Genre : Drame
Durée : 97’
Acteurs : Julia Garner, Owen Holland, Jon Orsini, Matthew Macfadyen, Patrick Wilson, Dagmara Dominczyk...
Synopsis :
Jane, une jeune diplômée qui rêve de devenir productrice, vient d’être engagée comme assistante d’un puissant dirigeant, nabab du divertissement. Sa journée type ressemble à celle de toutes les autres assistantes : faire du café, remettre du papier dans le photocopieur, commander à déjeuner, organiser des voyages, prendre les messages. Mais au fil de cette journée, Jane se rend progressivement compte des abus insidieux qui découlent de tous les aspects de sa position et qu’elle n’avait pas anticipés...
La critique de Julien
Kitty Green sort les griffes. Après plusieurs documentaires, la réalisatrice australienne s’inspire notamment pour son premier film du cas de Harvey Weinstein, et donc du harcèlement dans l’industrie cinématographique, révélé au monde suite au mouvement #MeToo, et donc grâce au courage de victimes, de près ou de loin, ayant osé libérer la parole, malgré les nombreux obstacles à franchir. Dans "The Assistant", la cinéaste filme Jane (Julia Garner, vue dans la série dramatique policière Netflix "Ozark"), une jeune assistante qui travaille depuis cinq semaines dans une société de production cinématographique à New York, laquelle suspectera des abus sexuels commis par son patron sur de nombreuses jeunes femmes. Heureusement que Jane - d’après son chef de service (joué par Matthew Macfadyen) - "n’a rien à craindre, car elle n’est pas son style". Difficile de faire entendre sa voix dans un environnement toxique, misogyne et complaisant envers ce bourreau, ayant favorisé une culture du harcèlement au sein de son entreprise, où le silence d’autrui sur ses actes est tout aussi coupable que les atrocités commises.

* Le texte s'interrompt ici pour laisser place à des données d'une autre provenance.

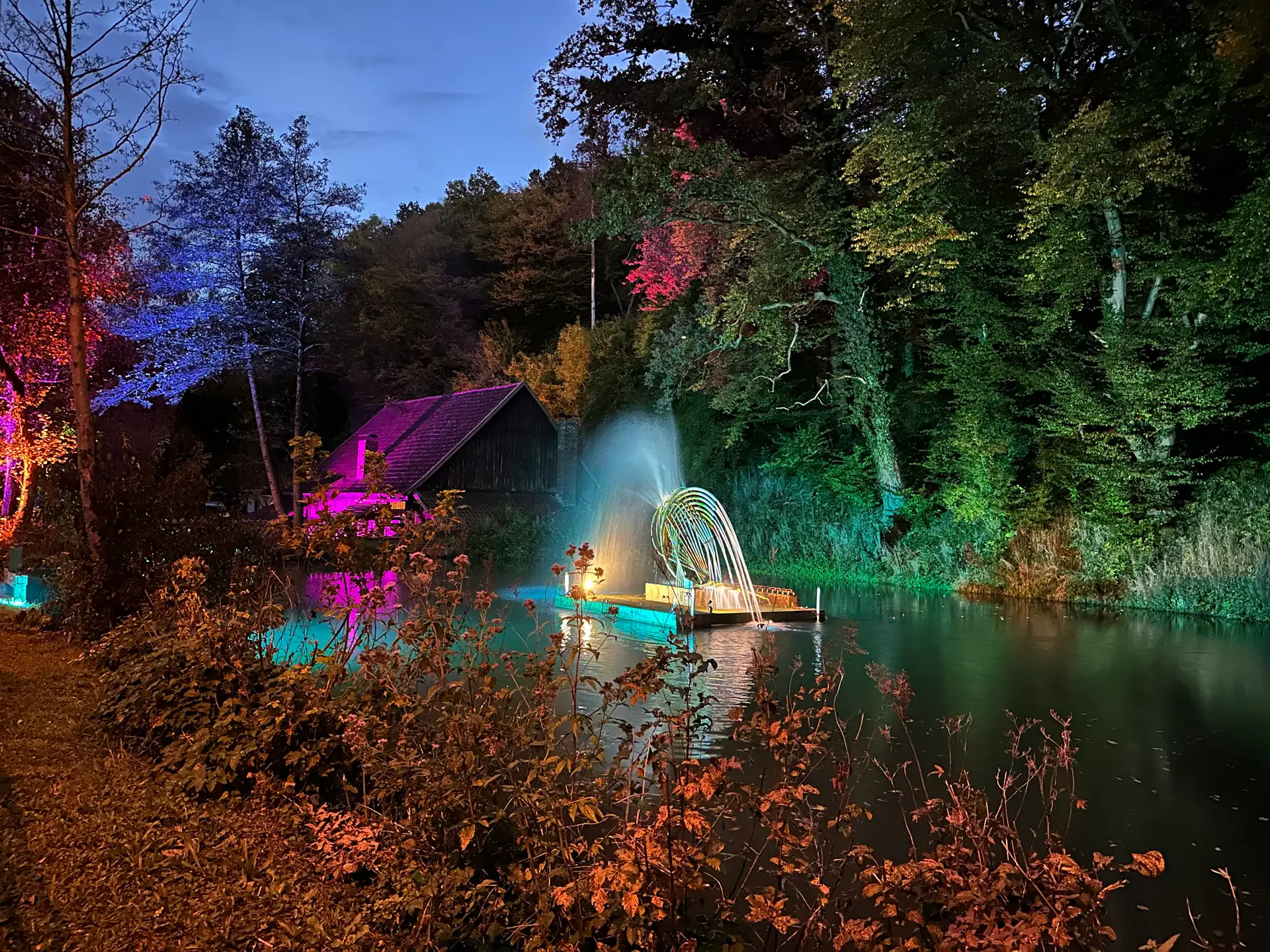 Abendstimmung am Alten Hammer: Ein historisches Industriegebäude ist in buntem Licht beleuchtet.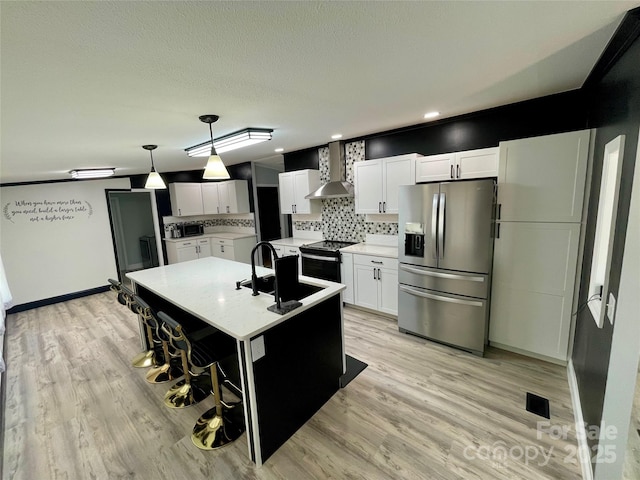 6490 Alta Ctr, Denver, NC 28037 - kitchen with stainless steel fridge, wall chimney exhaust hood, range with electric cooktop, backsplash, and white cabinetry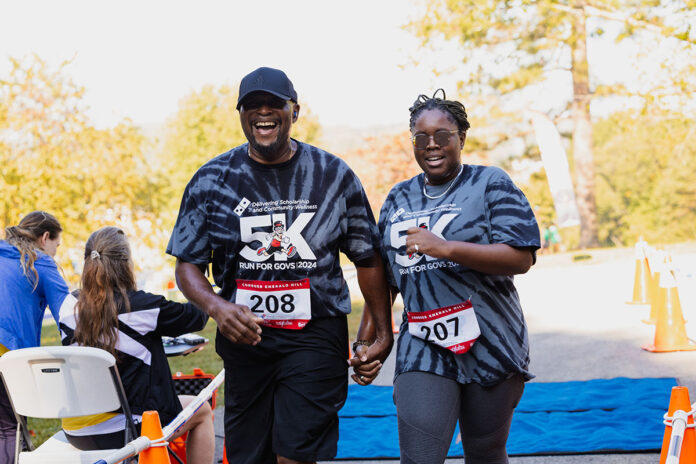 Community members participate in the 2024 Domino’s Run for Govs 5K and Valerie Hunter Kelly Run/Walk for the Govs 1K. (Ralph Acosta)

Ayant fait sa première mondiale au Festival du Film de Telluride le 30 août 2019, il y a donc presque deux ans (!), "The Assistant" se fraie enfin une petite place dans nos salles de cinéma, lui qui est à réserver à un public averti, étant donné une mise en scène particulière, faisant abstraction de toute action. On sent Kitty Green dès lors venue du monde du documentaire. Le film se déroule sur une journée-type au travail de la jeune femme, qui commence bien avant l’aube pour se terminer tard le soir, alors que les longues heures de travail, et les tâches aussi subalternes qu’exigeantes la maintiennent occupée et incroyablement stressée, elle qui en oublie même l’anniversaire de son père... Il faut alors quelques longues minutes pour rentrer dans cette intimité journalière, et déceler les interrogations de cette anti-héroïne - très actuelle - psychologiquement malmenée. Le film se regarde et prend alors de la consistance à mesure que la demoiselle se rend compte de l’impensable, elle qui est pourtant fière et reconnaissante de sa place dans cette société, tel un passage obligé, lequel pourrait lui permettre ainsi d’atteindre son rêve, et donc de devenir productrice à son tour. Kitty Green met alors en scène un long malaise d’une froideur extrême, qui reflétait autrefois (?) la mainmise sans peur ni scrupule de ces magnats et prédateurs sexuels sournois, riches et idolâtrés, sur la gente féminine, et cela par un rapport de domination et de manipulation, ici dans le milieu du divertissement, alors que leurs collaborateurs fermaient volontairement leurs yeux sur ces faits, pour autant qu’ils en avaient connaissance... On ne refera pas ici l’histoire de cette horreur et terrible machination humaine, mais "The Assistant", malgré la petitesse de sa production, en dit et insinue beaucoup, au contraire d’en montrer.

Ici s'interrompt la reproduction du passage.